Broadly, Neumann defines psychopathy as “a pathological personality style that is interpersonally deceptive, affectively cold, behaviorally reckless, and often overtly antisocial.” (He was also pretty insistent that true psychopaths are “nasty sons of bitches,” which doesn’t jibe with my 40-minute phone interview with one.) Psychopathy is a scale measured along the PCL-R, which lists 40 psychopathic traits. Most people score between 1 and 3.

Where exactly my subject falls on that scale, I don’t know, and it seems probable she’s on the lower end (or higher-functioning end) of the spectrum — especially because she is in a 19-year relationship, which Neumann says is highly uncommon for what he perceives as the psychopathic personality. (What is common is for people to refer to their exes as “psychopaths,” listing their grievances at length on sites like Psychopath Free and Love Fraud.)

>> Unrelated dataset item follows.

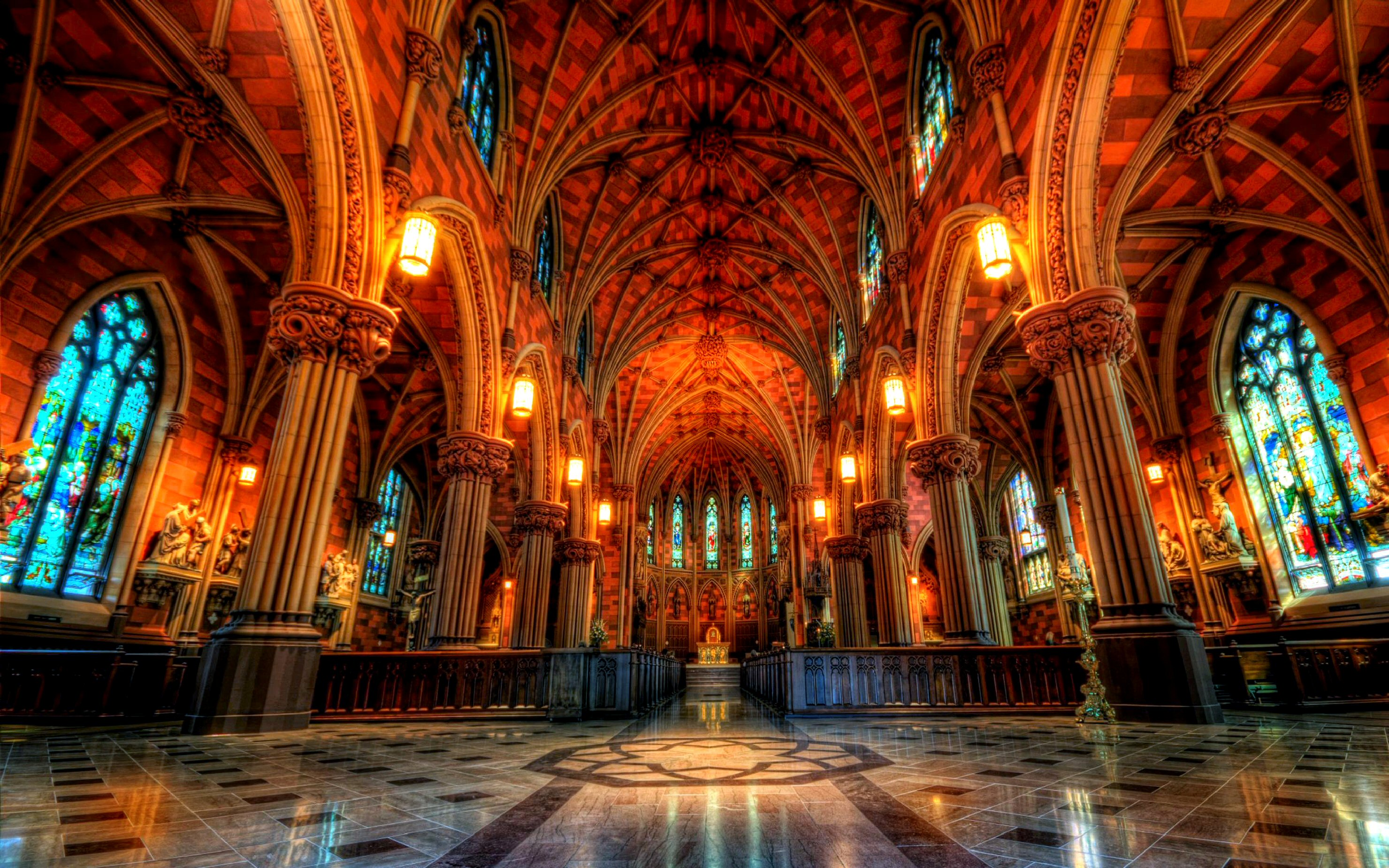 Cathedral Of The Immaculate Conception Wallpapers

Below, I interviewed the man that subject is in a relationship with — whom she put me in touch with — who will also remain anonymous.

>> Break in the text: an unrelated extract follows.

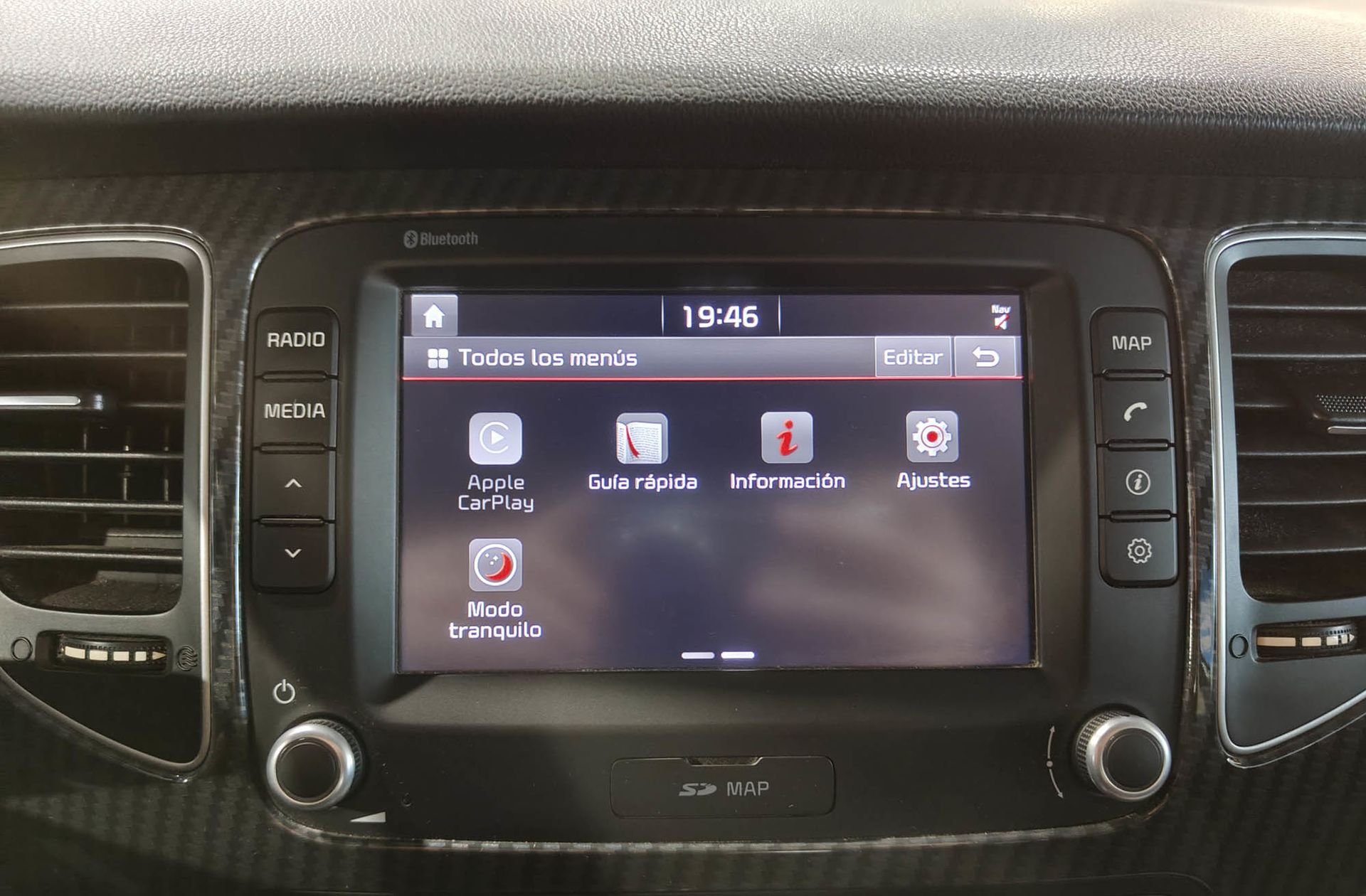 Kia Carens 1.6 GDi Drive - foto 9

How did you and your partner meet?
We met many, many moons ago. … It was through a mutual friend, who introduced us 19 years ago now.

What initially drew you to her?
She was striking. She was a beautiful woman. I had seen her before, and she apparently had seen me and asked our mutual friend who I was, and he introduced us.

How long did it take you to notice there was something different about her personality?
I tend to study people a lot and read people a lot — actions, responses, stuff like that. There was something a touch different about her, but when you go into a relationship you always have the wide eyes, and you try to take as much as you can in, but at the same time everything’s kind of a blur. It took a while before I started seeing more signs.

What kinds of things did you notice?
Honestly, it was pretty much just that her reactions to things were atypical, if you would.

When she and I talked, her characterization of her response to things was that if someone told her something upsetting or sad, she would probably just receive it as a clinical fact. Were there things that you shared with her expecting more of an emotional reaction?
I speak more clinically in conversation anyway, so when she responded in kind it was hard to tell the difference — whether she was responding the same way I’m talking, or whether it was part of her nature.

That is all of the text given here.